Background: Phaeochromocytomas and paragangliomas are familial in up to 25% of cases and can result from succinate dehydrogenase (SDH) gene mutations.
Objective: To describe the clinical manifestations of subjects with SDH-B gene mutations.
Design: Retrospective case series.
Patients: Thirty-two subjects with SDH-B gene mutations followed-up between 1975 and 2007. Mean follow-up of 5.8 years (S.D. 7.4, range 031).
Measurements: Features of clinical presentation, genetic mutations, tumour location, catecholamine secretion, clinical course and management.

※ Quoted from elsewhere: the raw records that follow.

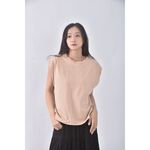 (L) nagumo miyuki質感棉質純棉背心杏色上衣二手衣, , large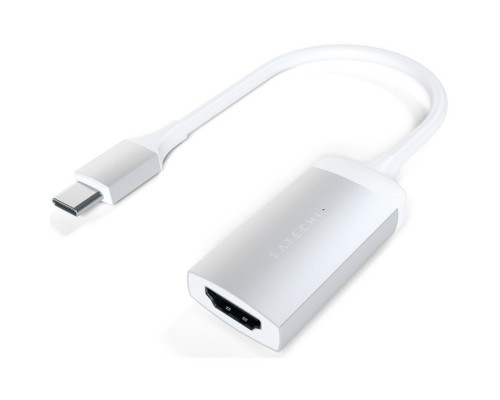 [Опции к ноутбукам] Satechi [ST-TC4KHAS] Адаптер Type-C to HDMI 4K 60HZ. Поддержка 4K/60Hz. Материал корпуса алюминий. Цвет серебряный.
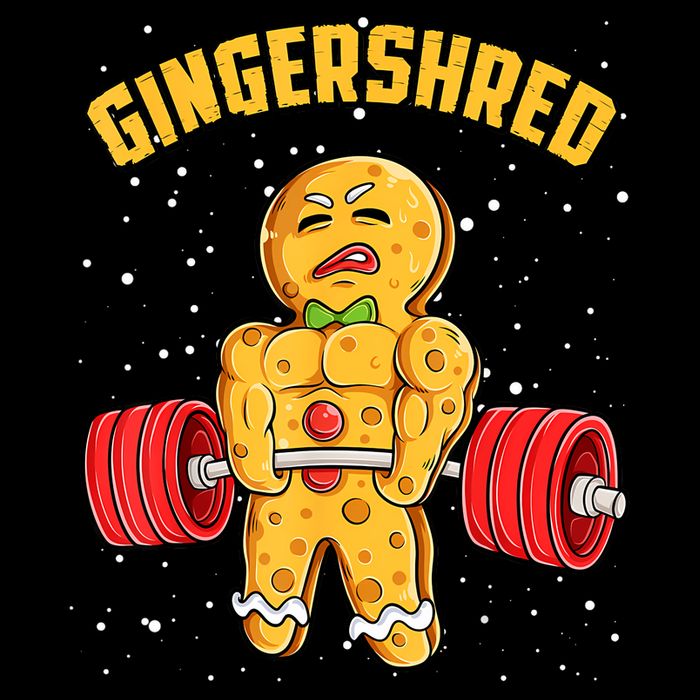 Gingershred Funny Gingerbread Gym Bodybuilding Christmas T-Shirt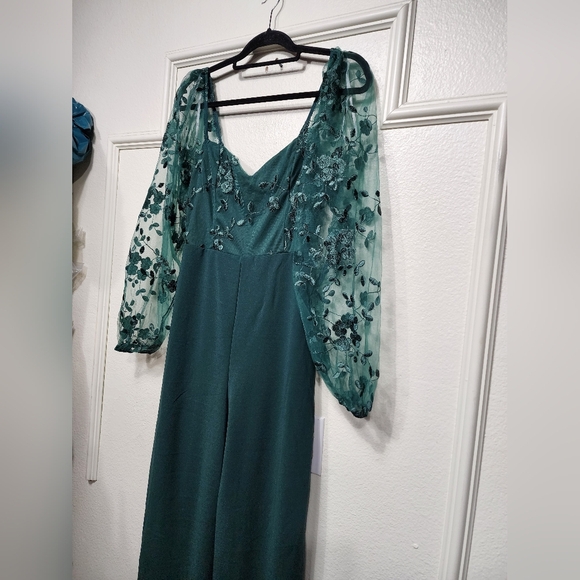 Lulus Darling Charisma Emerald Mesh Embroidered Jumpsuit M Wedding Party Evening - Picture 7 of 10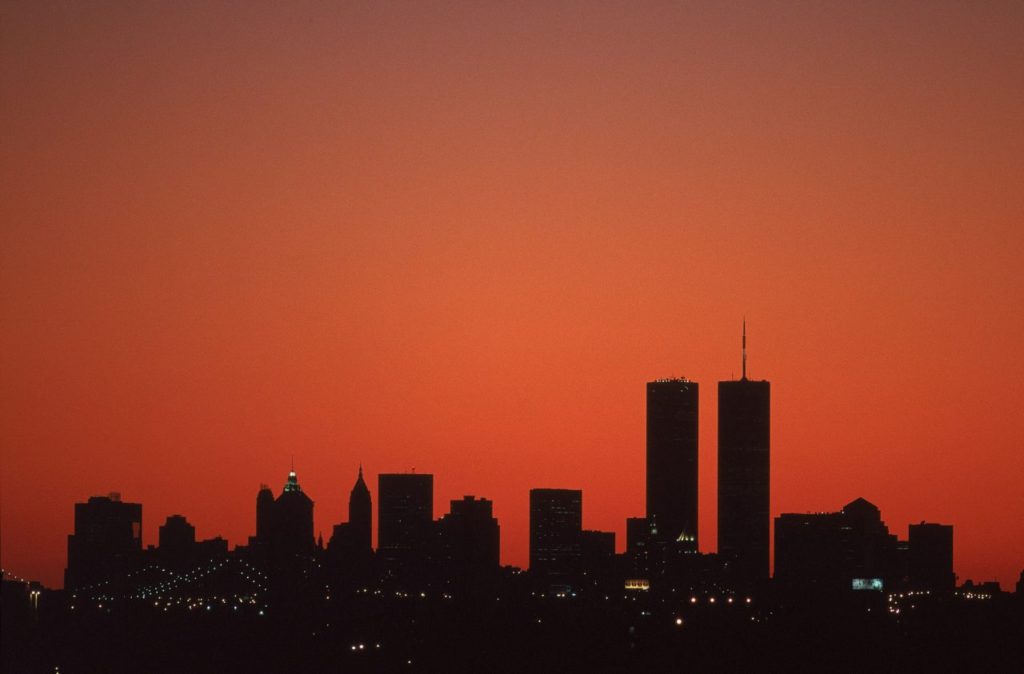 5 Sep 2001: The view of the New York skyline with the World Trade Center at sunset taken from the US Open at the UATA National Tennis Center in Flushing, New York.Mandatory Credit: Jamie Squire/Allsport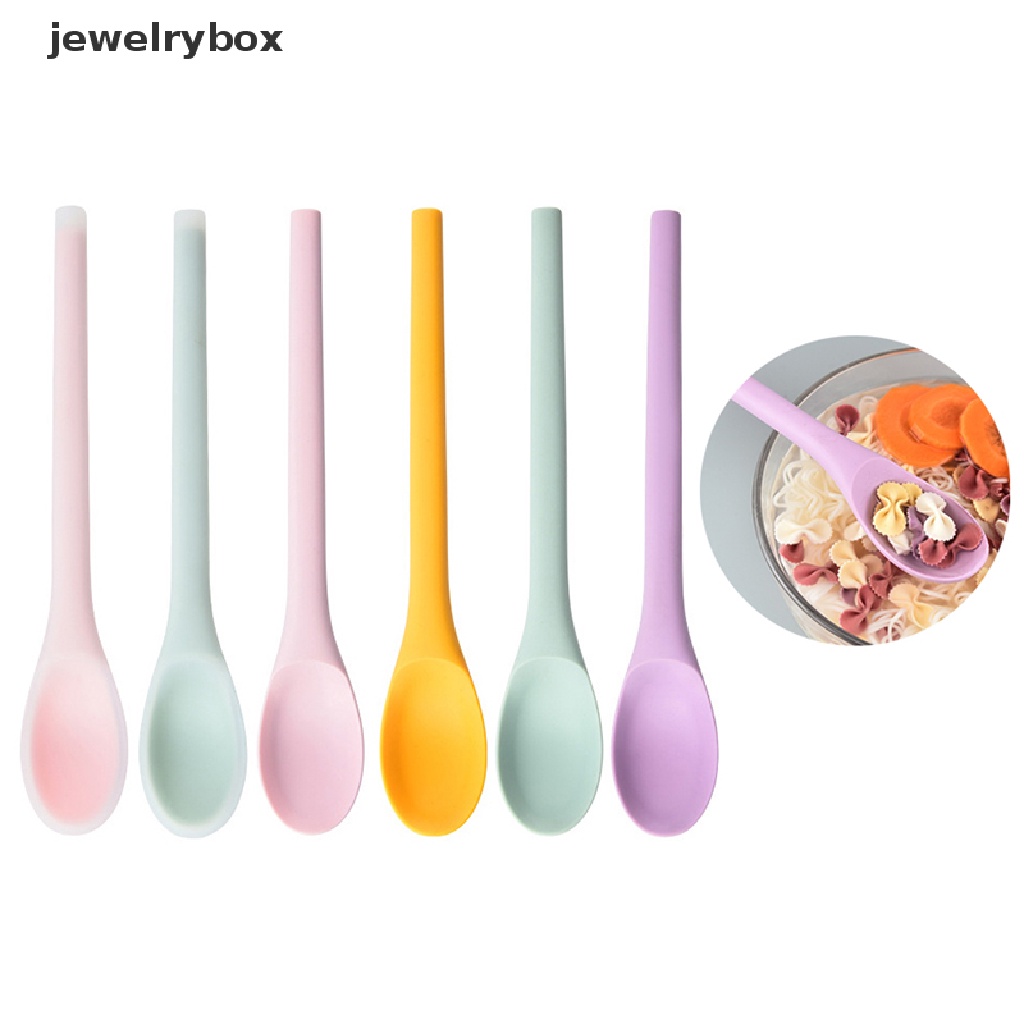 [jewelrybox] Multi Purpose Silicone Spoon Gagang Panjang Sendok Sup Nasi Pencampuran Dessert Ice Cream Spoon Sendok Teh Sendok Kopi Peralatan Makan Dapur Butik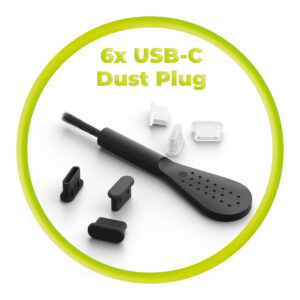 Mobile Origin USB-C Dust Plug & Cleaning Brush CL1 juodos spalvos/Clear for Apple iPhone/Android - Image 15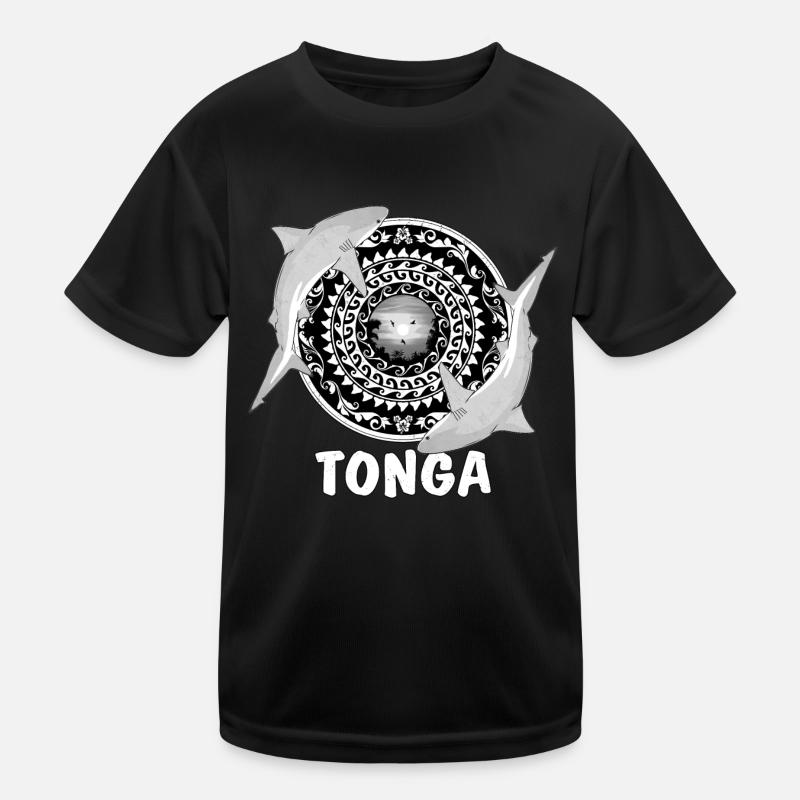 Tonga Bull Shark - Kids Functional T-Shirt - black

Results: Sixteen of Thirty-two subjects (50%) were affected by disease. Ten different mutations in the SDH-B gene were seen with 2 previously undescribed. A family history of disease was noted in 18% of index subjects. Mean age at diagnosis was 34 years (S.D. 15.4, range 1062), with a 50% penetrance by the age of 26 years in affected subjects. 41% (13/32) of all subjects were hypertensive and 39% (12/31) had elevated secretions of catecholamines/metabolites. 19% (6/32) of subjects had adrenal disease and 38% (12/32) had extra-adrenal disease. 25% (8/32) of subjects had abdominal paragangliomas, 9% (3/32) pelvic, 6% (2/32) thoracic and 3% (1/32) had a head and neck paraganglioma. 9% (3/32) had multifocal disease. Metastatic paragangliomas developed in 16% (5/32) of subjects. One subject also had a metastatic type II papillary renal cell carcinoma. The overall malignancy rate was 19% (6/32). A carotid artery dissection, patent foramen ovale and an aortic aneurysm were noted in subjects without hypertension.
Conclusion: SDH-B mutation carriers develop disease early and predominantly in extra-adrenal locations. Disease penetrance is incomplete. Metastatic disease is prominent but levels are less than previously reported. Clinical manifestations may include papillary renal cell carcinoma and macrovascular disease.